QUITO, (Reuters) – A small tailings dam associated with a mine run by Ecuadorean firm Austro Gold has collapsed, Ecuador’s government said yesterday, sending mining waste into a nearby river.
A retaining wall collapsed at the Armijos tailings station, located in the Camilo Ponce Enriquez area in southern Ecuador, the energy and mines ministry said. Nobody was injured.
“One of the immediate measures in the area will be … to prohibit mining activities at that plant,” the ministry said in a statement, without providing details on the incident.
The ministry said it opened an investigation to determine how the company could be sanctioned.
Ecuador this month is expected to release guidelines for the management of tailings dams, partly in response to high profile accidents including a 2019 dam collapse in Brazil that killed more than 250 people.
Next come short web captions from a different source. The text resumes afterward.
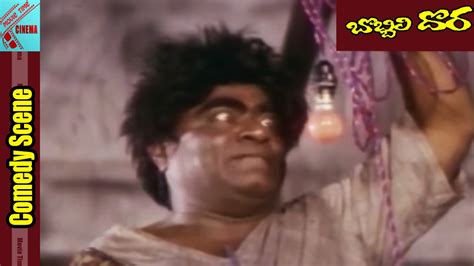 Babu Mohan hilarious Comedy Scene || Bobbilidora Movie || Krishna, Sangavi || Comedy adaa - YouTube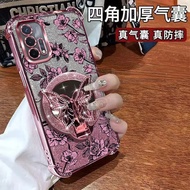 Phone phone phone Case Mobile phone shell Flower Butterfly Holder Suitable for OPPOA93 phone Case A9
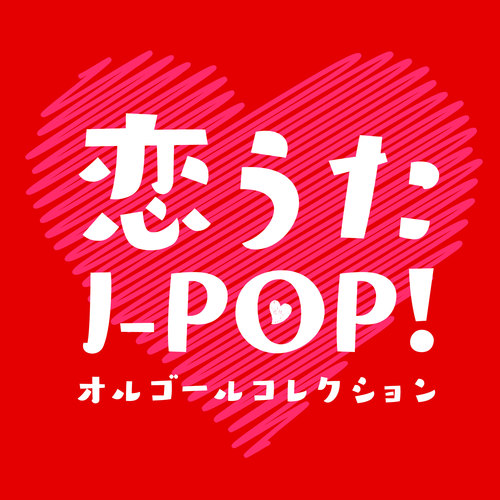 恋うたJ-POP！オルゴールコレクション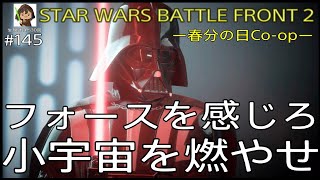 ●ON AIR 生放送 STAR WARS BATTLE FRONT 2 145『フィッシングプラネットのイベント終了に伴い、フォースと小宇宙を感じる春分の日放送』スターウォーズバトフロ2雑談 [upl. by Accebor]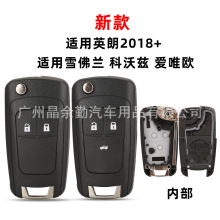 适用雪佛兰科沃兹爱唯欧别克英朗2018+新款折叠遥控车钥匙替换壳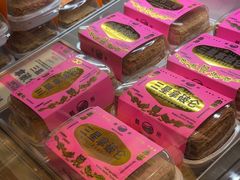 -鹤所·低糖零蔗糖烘焙(长楹店)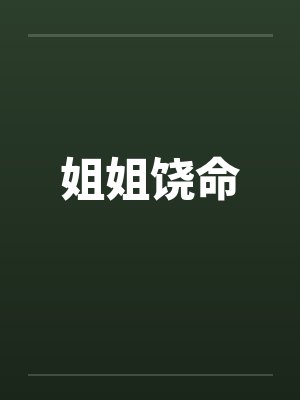姐姐饶命封面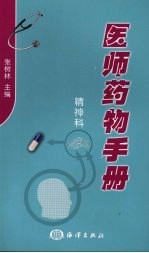 医师药物手册 精神科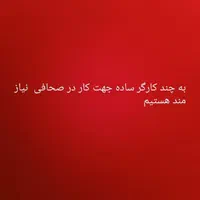 کارگر جهت صحافی و بسته بندی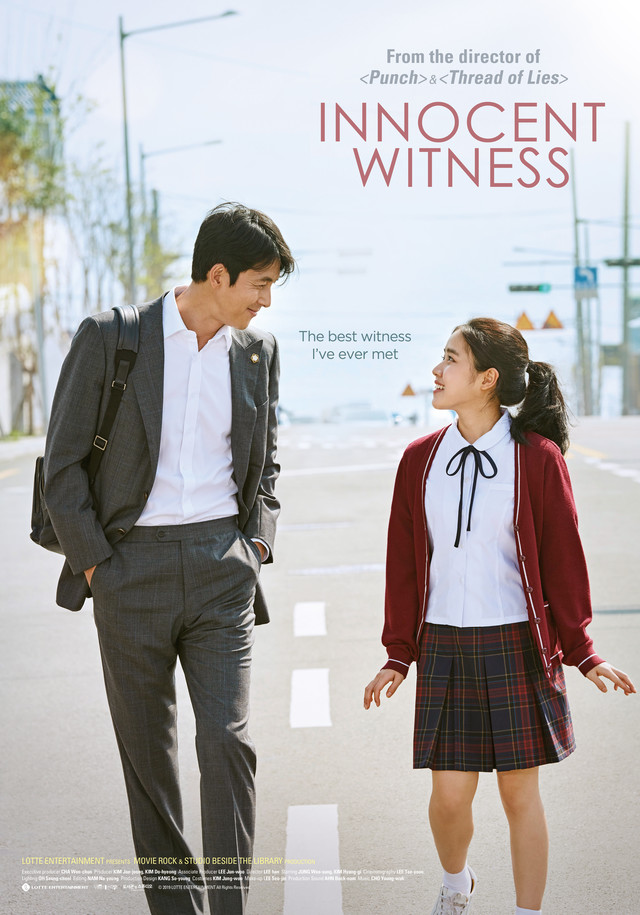 Innocent Witness (2019) ซับไทย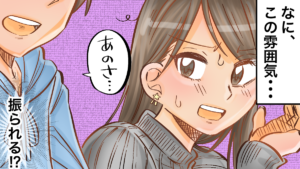 彼氏に振られそうな気配…不安な予感が的中するケース＆勘違いで終わるケースと別れそうで怖い時にチェックすべき振られる前兆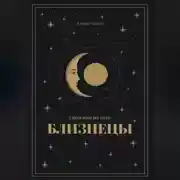 Постер книги Гороскоп на 2026 год для Близнецов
Reuters was not immediately able to contact Austro Gold.
Local authorities in Camilo Ponce Enriquez, a traditional mining zone, said the company had not complied with the protocols and the collapse caused sediment pollution in the river.
“There was a collapse … and all this material, about 50 tons, went down the mountain until it reached the Tenguel river,” city commissioner Cristian Tomala told reporters.
Ecuador has been developing large-scale mining since last year and has been exporting gold and copper from its two largest mines.